Bill Description: Senate Bill 1306 explicitly provides legislative support and funding for a parents-as-teacher education model where instruction is provided largely in the home by the parents.
Rating: -1
Does the bill expand the existing government monopoly on education and shrink family and student choice or agency?
Senate Bill 1306 would create Section 33-1637, Idaho Code, to define micro-schools and specify how the parents-as-teacher education model would work.
The bill would define "parent-as-teacher model microschool" as an instructional model in which “a sponsoring school district assigns a teacher to work with a parent or parents who are providing some or all of the instruction to their children. In such a model, the sponsoring school district provides accountability measures such as required sampling of assignments and state testing and the student must be enrolled in the sponsoring school district for state funding purposes. The sponsoring school district may reimburse the parent working in the parent-as-teacher model for eligible expenses detailed in the district or charter school policy."
The bill would allow parents who use this model to use alternative curricula, and it would expand educational options for parents and students. The funding would follow the student at least in part.
(+1)
Does the bill allow schools to be more flexible, improve feedback mechanisms, and decentralize decisions to the family or individual level?
The bill adds a series of regulations on the schools and on the parents to engage in the model, however. It would require districts that wanted to participate to develop and publish micro-school policies. Parents would be required to apply to the district to get the support and funding already provided to the district on behalf of their children. The law gives the power and authority to the school district to implement and approve the micro-school model.

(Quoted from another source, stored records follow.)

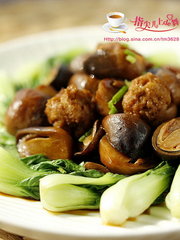 草菇焖鸡丸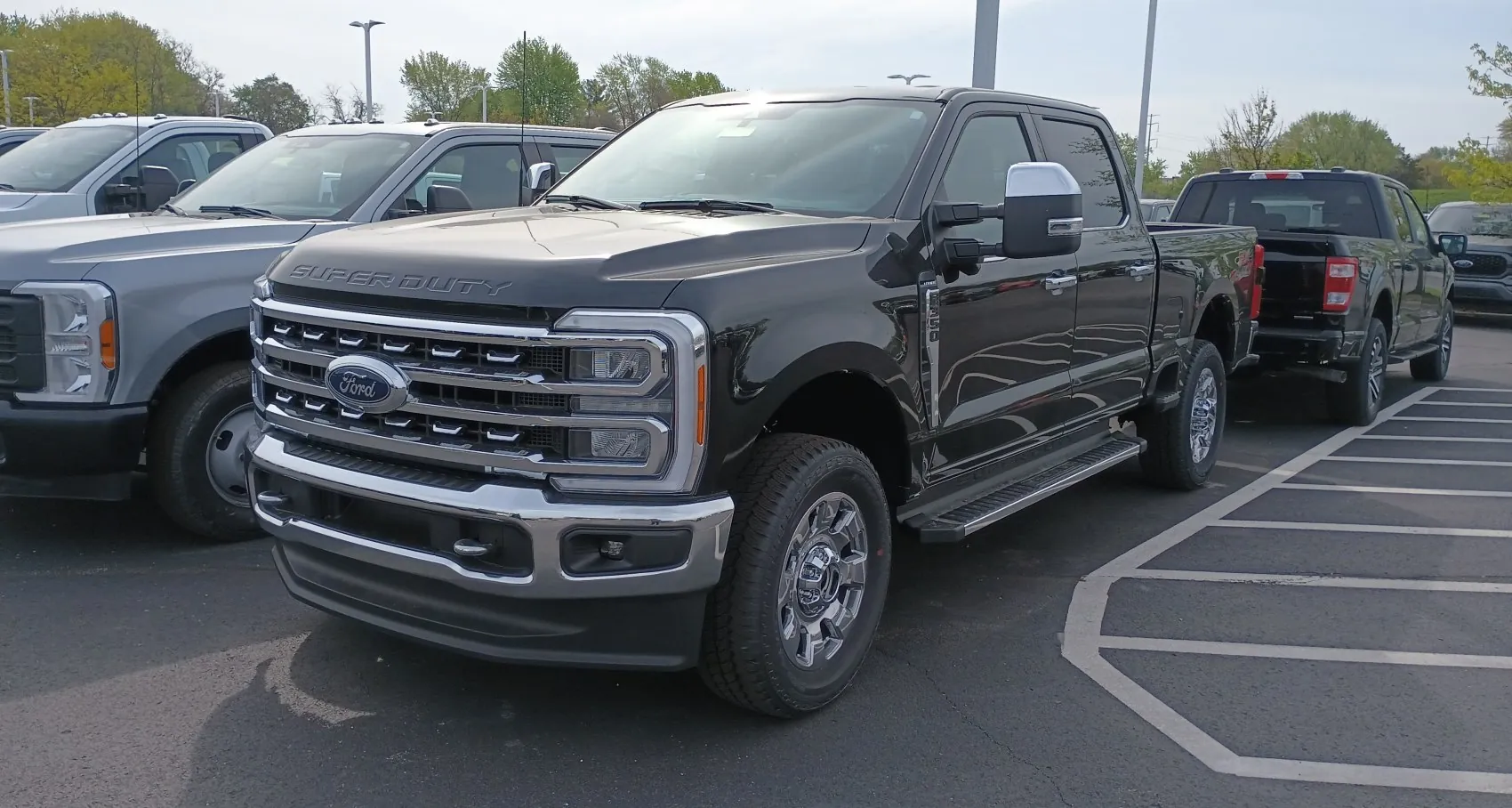 Ford F-350 Super Duty V Crew Cab Short box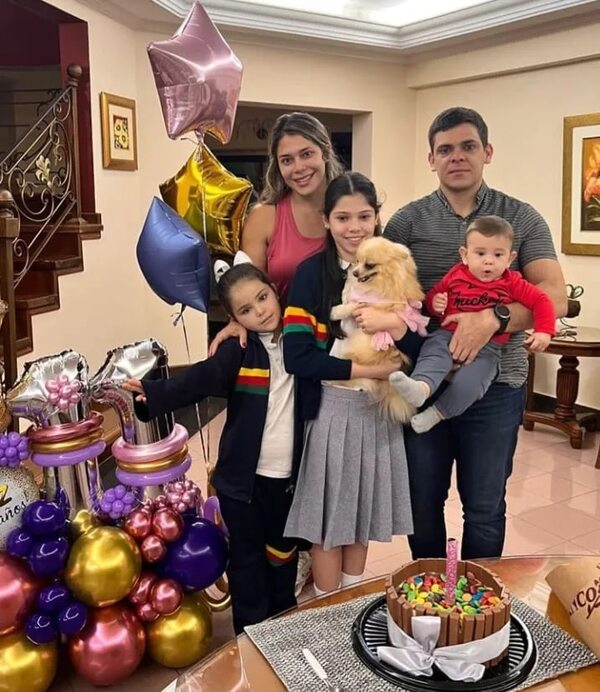 La exmodelo Gaby Mena celebra la vida de su primera hija - Gente - ABC Color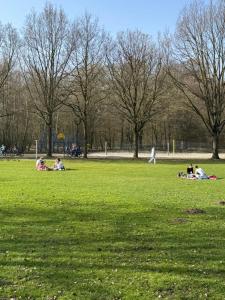 a group of people sitting in a park at Seequartier Borken in Borken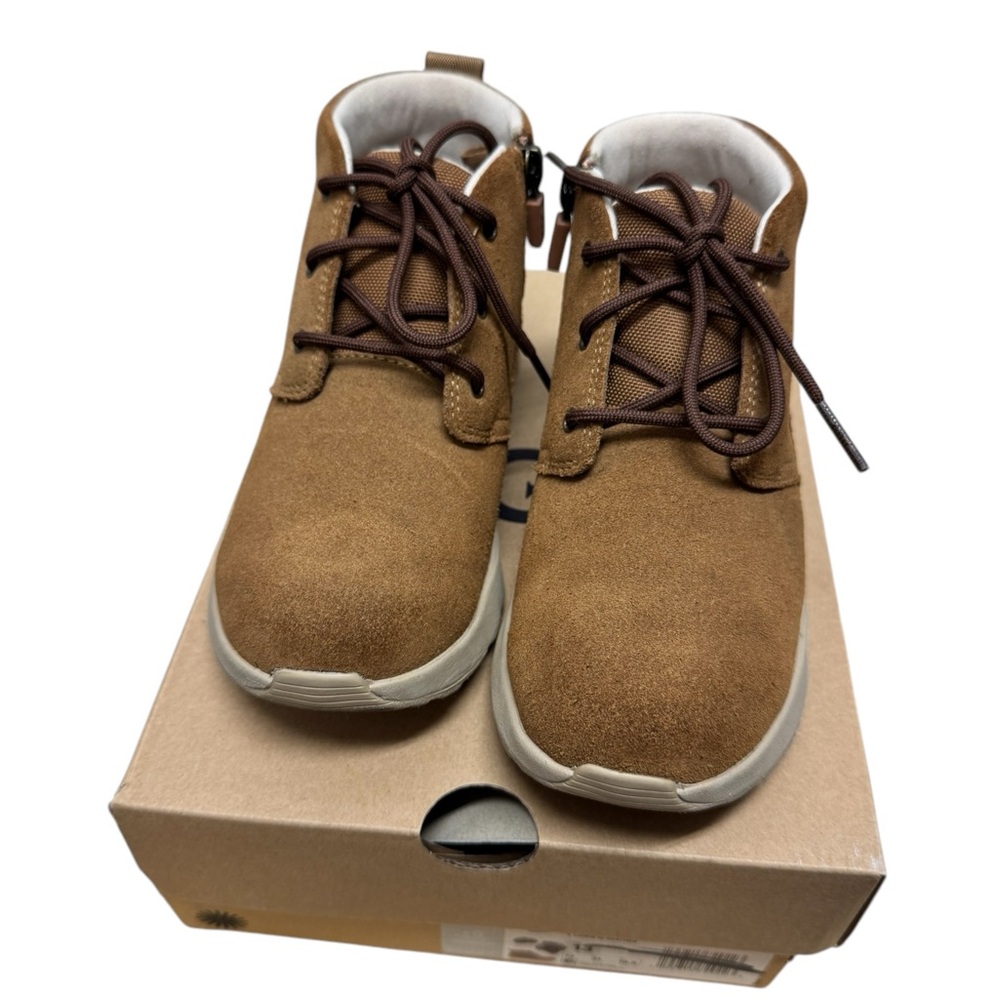 Like new! UGG K Canoe III Weather suede Chukka boots, waterproof, tan, kids13 - Picture 2 of 13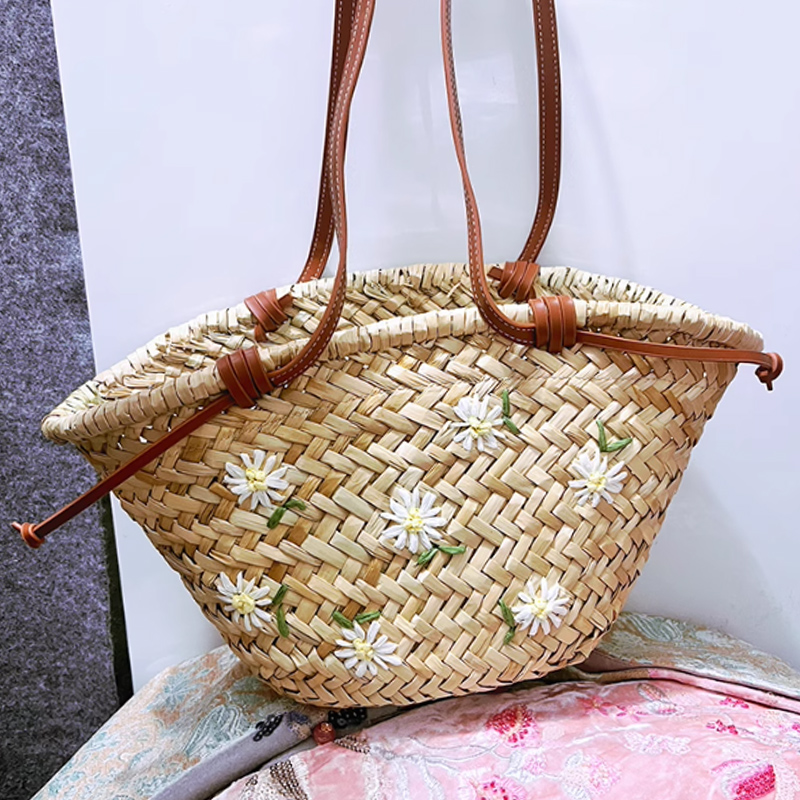 Casual Natural Straw Shoulder  – обзор и цена Embroidery Bali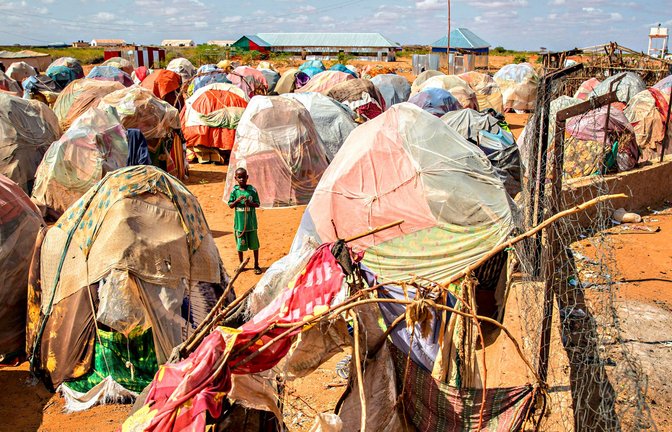Afrika verursacht nur  vier Prozent der Treibhausgase, ist von den Folgen  des Klimawandels jedoch am schlimmsten betroffen: Die Menschen leiden unter Hitze, Dürre und Hungersnöten.<span class='image-autor'>Foto: //Sally Hayden</span>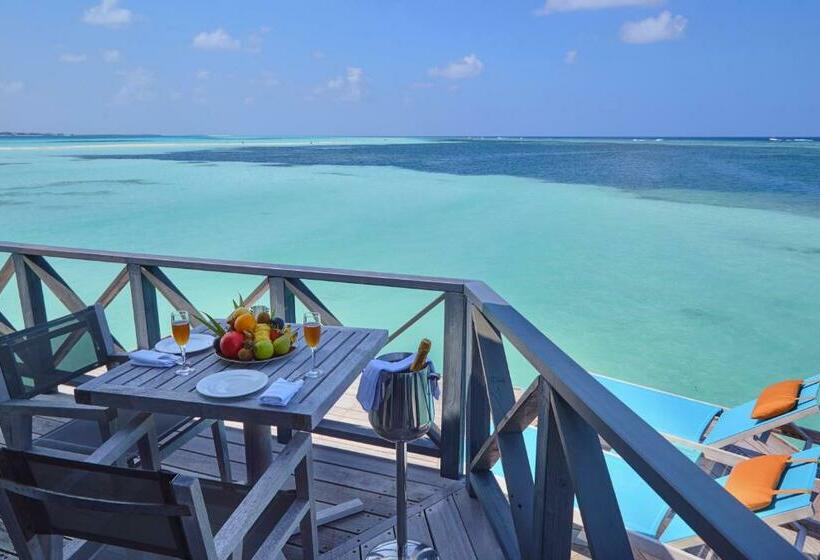 سوییت با چشم‌انداز دریا, Kuredu Island Resort & Spa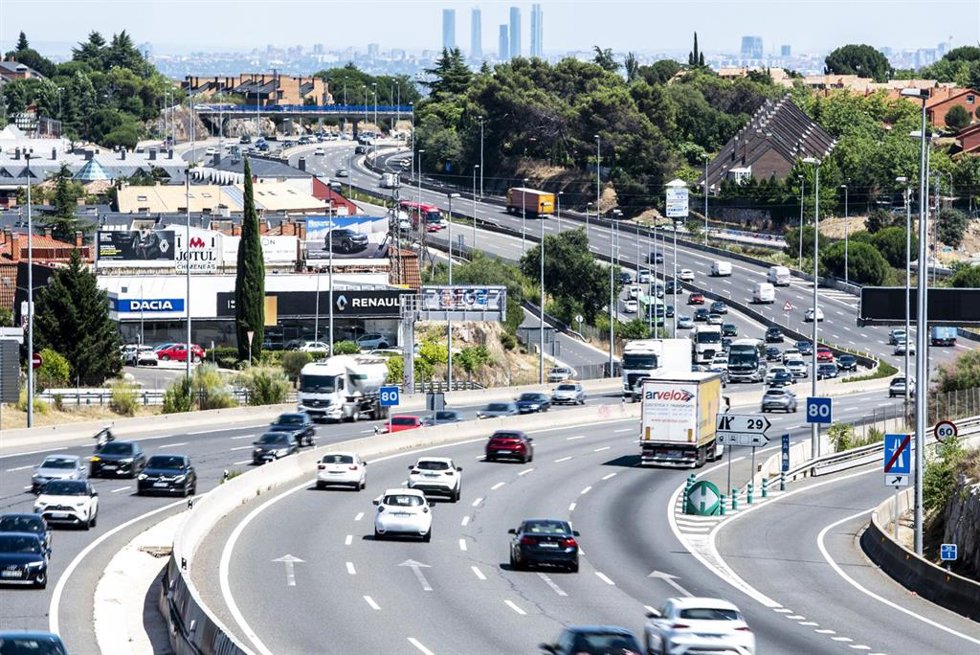 Atascos en la autovía A-6, a la altura de Galapagar, a 12 de julio de 2024, en Madrid (España). Hoy comienza la segunda operación salida del verano para la segunda quincena de julio. La Dirección General de Tráfico (DGT) ya informó el pasado 27 de junio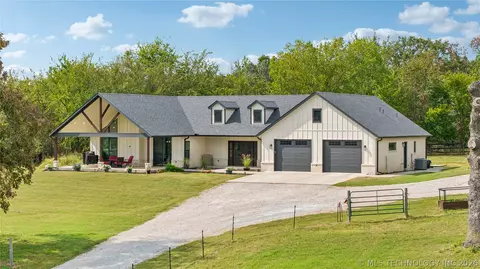 16064 S 4210 Rd, Claremore, OK 74017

If the parent-as-teacher model is currently in practice as the bill and statement of purpose state, then these new regulations will reduce flexibility, and add constraints to the model. School districts will be required to write a policy, families will be required to apply to the program.
(-1)
In addition to creating new requirements for regulations and applications, the bill says, “Students in a microschool must take any required state testing.” This undermines the principle of allowing parents to choose alternative curriculum. When the state requires its own standardized testing, then this necessarily constrains the curriculum choices for the parents who will be assessed according to the students’ performance on those tests.